Así como el Social era más que un bar, sin Miguel Berra el Social no hubiera sido nunca lo que fue. En ese bar lo escuché contar historias dignas de un cuentista, fábulas que sólo él podía hacer creíbles. Recuerdo que un día a todos los comensales de la barra los convenció que la botana que comían era chicharrón de ballena, del ejemplar que esa mañana había quedado varada en la playa de Ventanas.

Después de saborear mi último trago de vodka-tonic y una tostada de ceviche, gocé una vez más de la fotografía emblemática que incólume sigue colgada en la pared; en ella se ve al padre de Miguel y fundador del bar a principios de los 50, don Ernesto Berra, montado sobre una bicicleta, dando vueltas sobre la barra.

Otras sorpresas, estas culinarias, me recibieron en Manzanillo, que brindó nuevas y deliciosas opciones. Probé sólo dos, una fue el restaurante de comida mazatleca llamado Toro Mambo -en honor a una banda- y otro fue un restaurante junto a la arena del mar, el Pata Salada -nombre no tan extraño cuando uno se entera que es como un gentilicio, ya que así se les llama a los habitantes de Colima. Ahí cenamos, para mi despedida, una comida increíble, preparada por un destacado chef.

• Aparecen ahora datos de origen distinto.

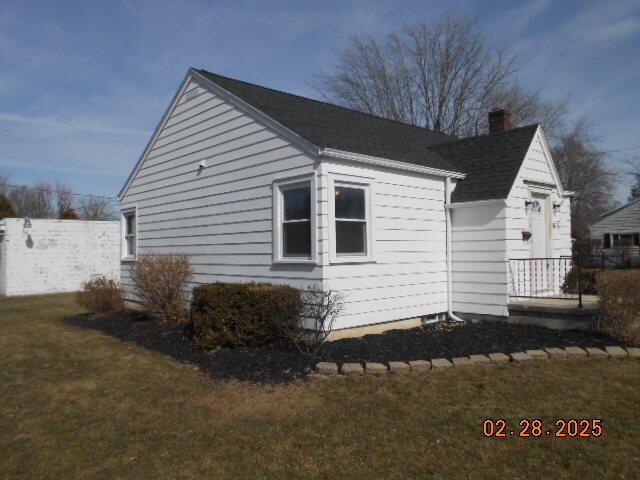 view of home's exterior featuring a chimney, fence, and a lawn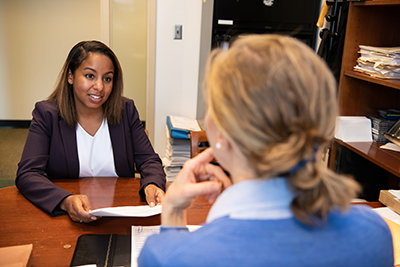 A student talking to a client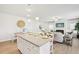 Open floor plan featuring the kitchen island and a living room with a fireplace at 2018 Wyndham Pl, Conyers, GA 30013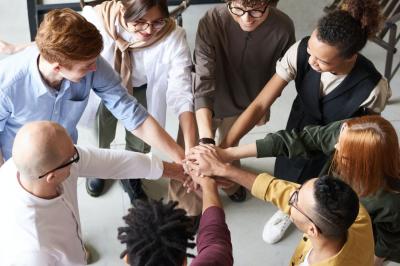 Deux personnes en tenue professionnelle discutant, avec des mots-clés flottants comme ’idée’ et ’travail’ sur fond bleu.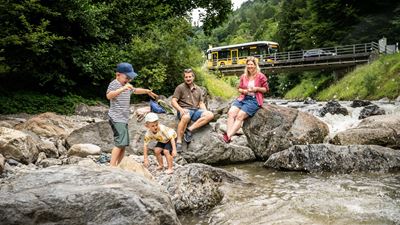Eine Familie rastet am Bach zwischen grossen Felsblöcken: Zwei Jungen spielen am Ufer, der Vater hockt und lässt Steine übers Wasser springen, die Mutter sitzt lächelnd auf einem Felsen. Im Hintergrund fährt ein Postauto über eine Brücke; ringsum dichter Wald und Hügellandschaft, sommerliches Licht.
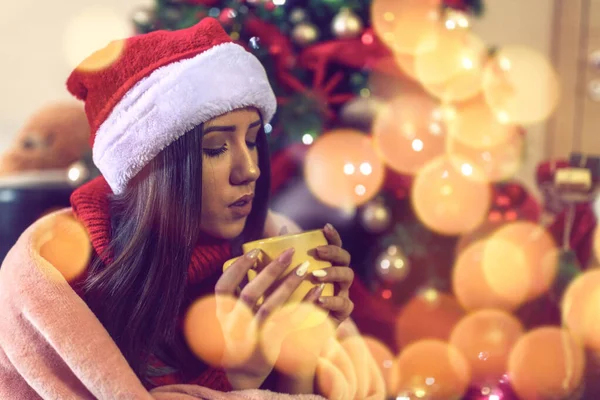 Young girl in Santa hat drinking tea or coffee over christmas tree at home — Stock Photo, Image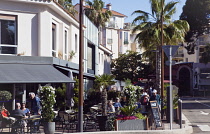 France, Provence-Alps, Cote d'Azur, Antibes Juan-les-Pins, Exterior of cafe bar with outdoor seating.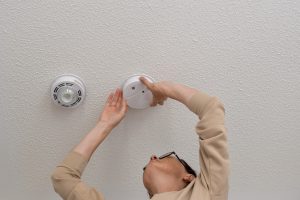 a woman checking a smoke detector on the ceiling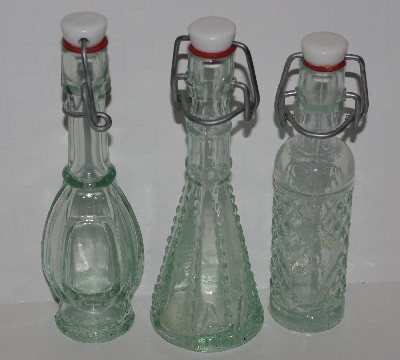 +MBA #2727-476  "1990's Set Of 6 Fancy Mini Clear Glass Bottles With Stoppers"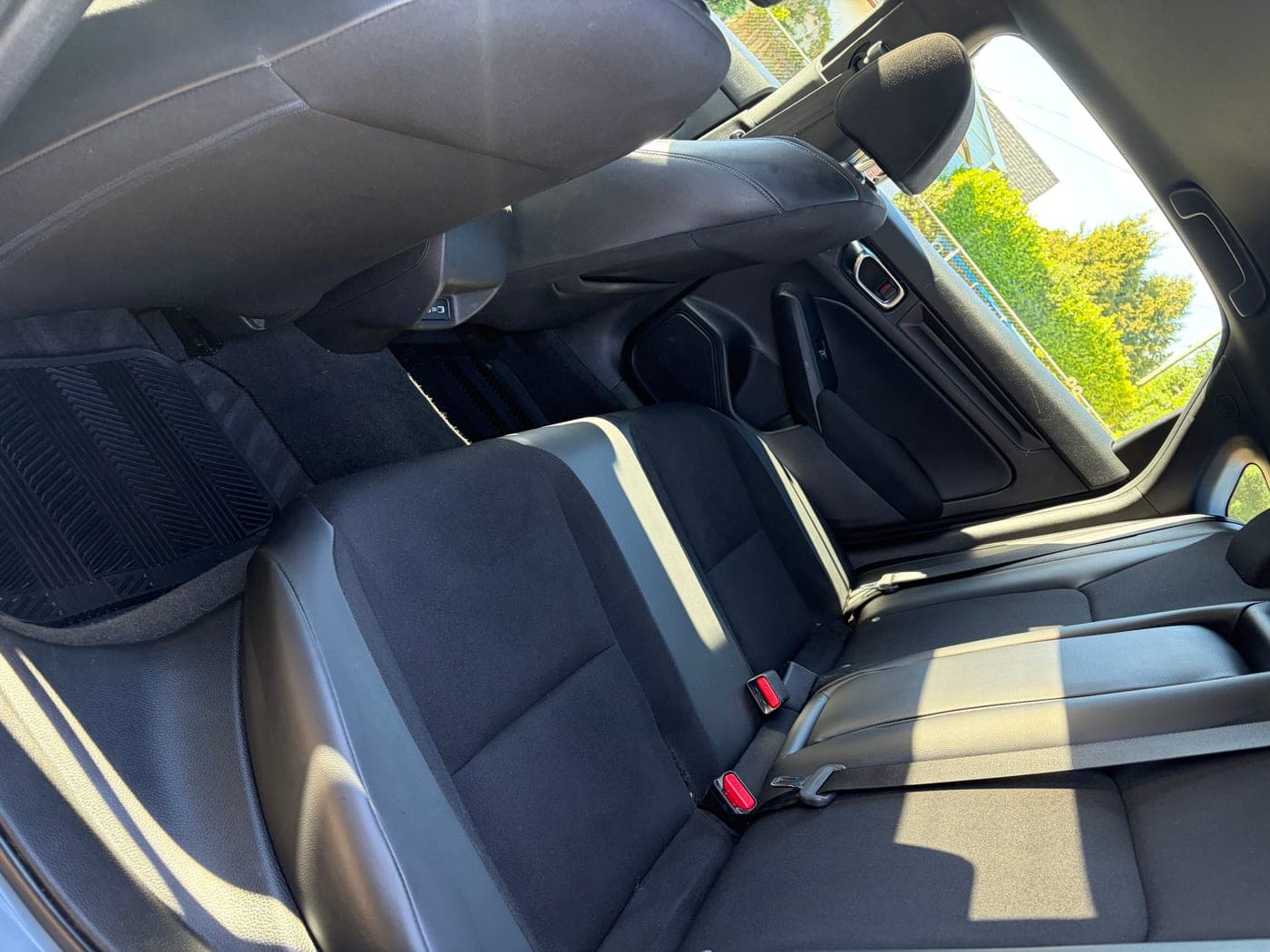 Cleaned black cloth and leather seats after an interior detail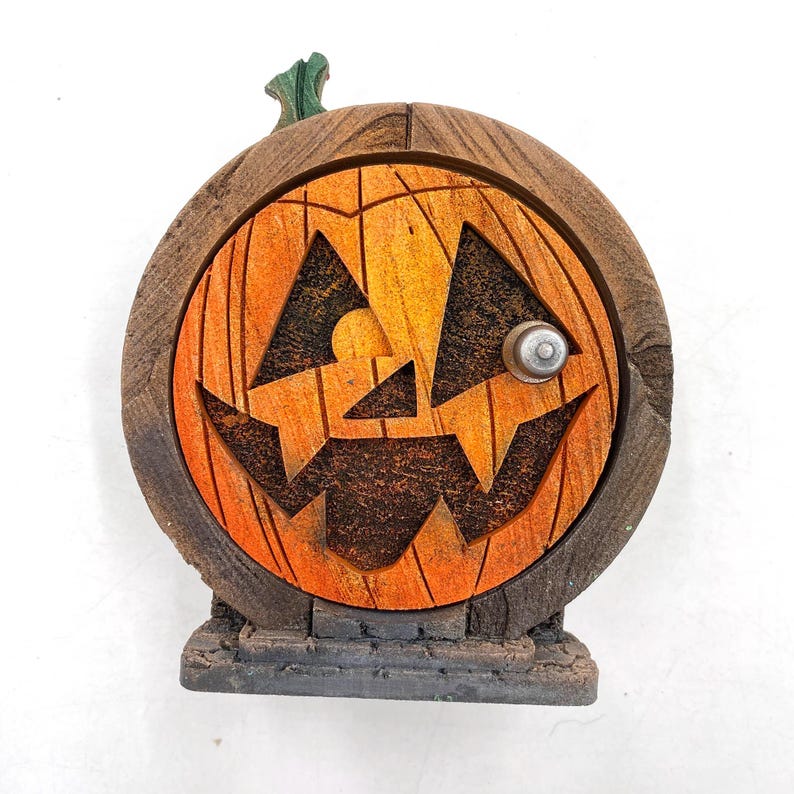 May include: A Halloween-themed decorative pumpkin door with a carved jack-o'-lantern face. The door is orange and brown with a green stem and a silver knob. The door is set on a small, rectangular base.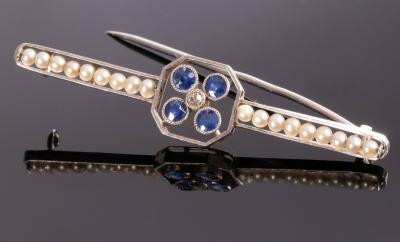 Appraisal: An Art Deco sapphire and diamond bar brooch the central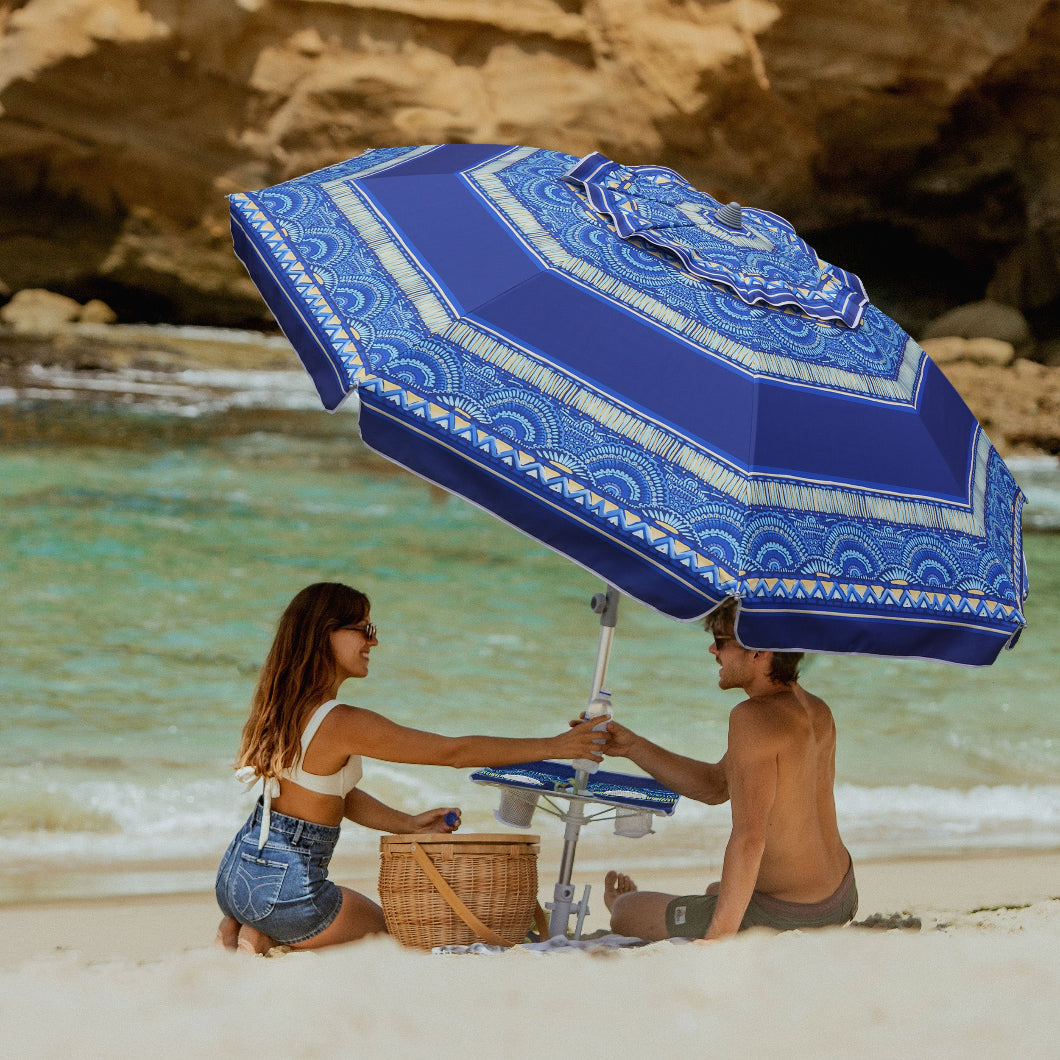 A couple relaxes under AMMSUN 7FT haute stripes travel beach umbrella with sand anchor and table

El último día, en mi camino al aeropuerto por esa carretera que a todo lo largo va corriendo junto al mar, me iba envolviendo una emoción gratificante por el reencuentro con Manzanillo y la memoria revivida. Recordé las sabias palabras de Bioy Casares, del aforismo “Viajes” en su libro Guirnalda con amores, y que me ayudaron a expresar mis sensaciones: “Cuando viajamos, el presente no logra su plena realidad; es casi un pasado, casi una anécdota; por eso es nostálgico y, también, feliz”.

*Bailarín tropical, apasionado de viajes, bares y cantinas que desea que estas Vagancias semanales sean una bocanada de oxígeno, un remanso divertido de la cotidianidad.